The RunTime column is a UNIX timestamp captured every night at midnight. Not every entry will occur every night, meaning an entry for Entry1 may have occurred two days ago, but not today.

Schema:

 `ID` int(11) unsigned NOT NULL AUTO_INCREMENT,
  `Name` varchar(32) NOT NULL,
  `Category` int(11) NOT NULL,
  `RunTime` int(11) NOT NULL,
  UNIQUE KEY `ID` (`ID`),

Example Desired Results:

+-------------+----------------+----------+
| Name        | LastRunTime        | Count    |
+-------------+----------------+----------+
| Random Name |     1339131600 |       73 |
| RandomName2 |     1337131600 |       13 |
... etc

Essentially, my working query looks like the below.
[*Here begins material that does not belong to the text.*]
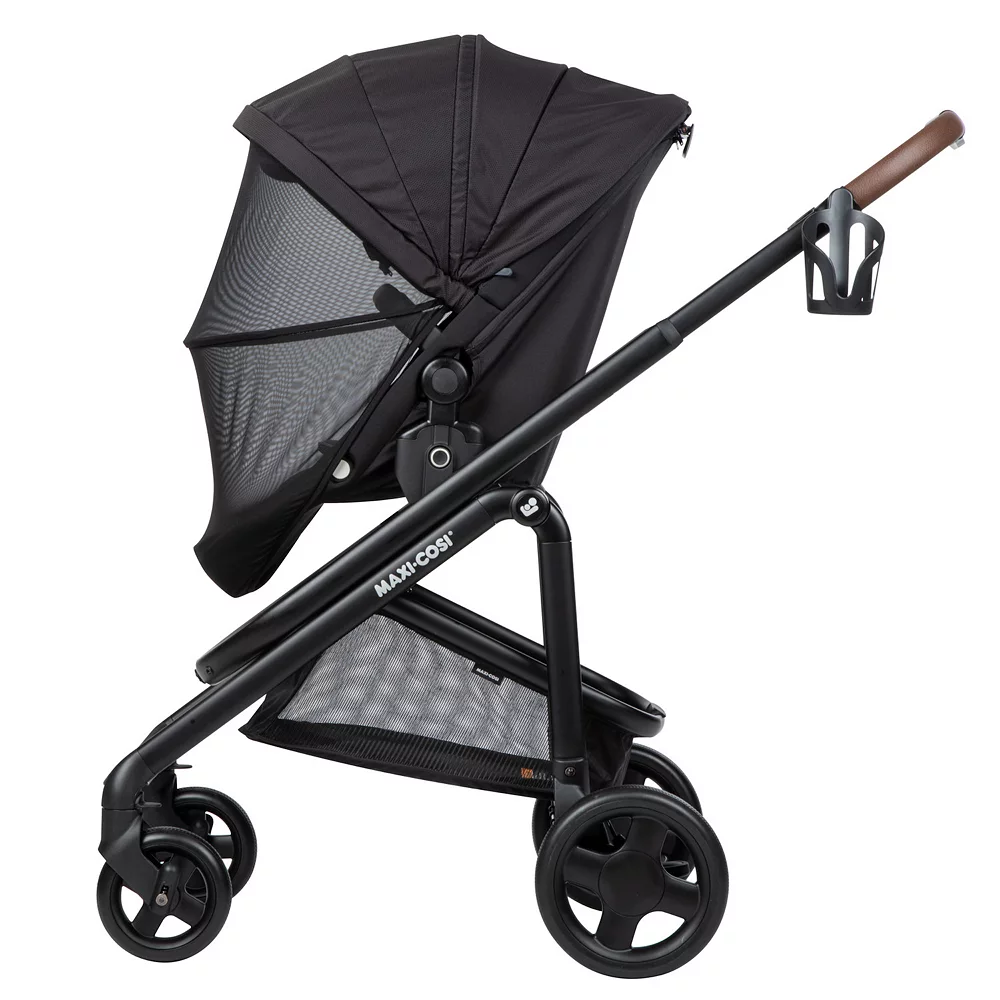 Maxi-Cosi Tayla Modular Stroller 4 Maxi-Cosi Tayla Modular Stroller - Image 4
It will query the table for yesterdays data.

select Name,
       RunTime AS LastRunTime,
       count(*) AS Count
from TABLE
where RunTime = 
    (
    select DISTINCT( RunTime ) from TABLE WHERE r.Name=Name order by RunTime LIMIT 1,1
    ) 
and Category in 
    (
    select AnotherTable .ID from AnotherTable where AnotherTable.Status = 1
    )

group by Name

The problem is, this query is slow. I want to move away from the first subquery, on the RunTime column, but the LIMIT and association is getting the best of me. The above takes a very, very, long time.

Does anyone have an example of a way to:

Get the second most recent RunTime, the count of rows for the second most recent RunTime, quickly and efficiently where RunTime is not consistent across all rows?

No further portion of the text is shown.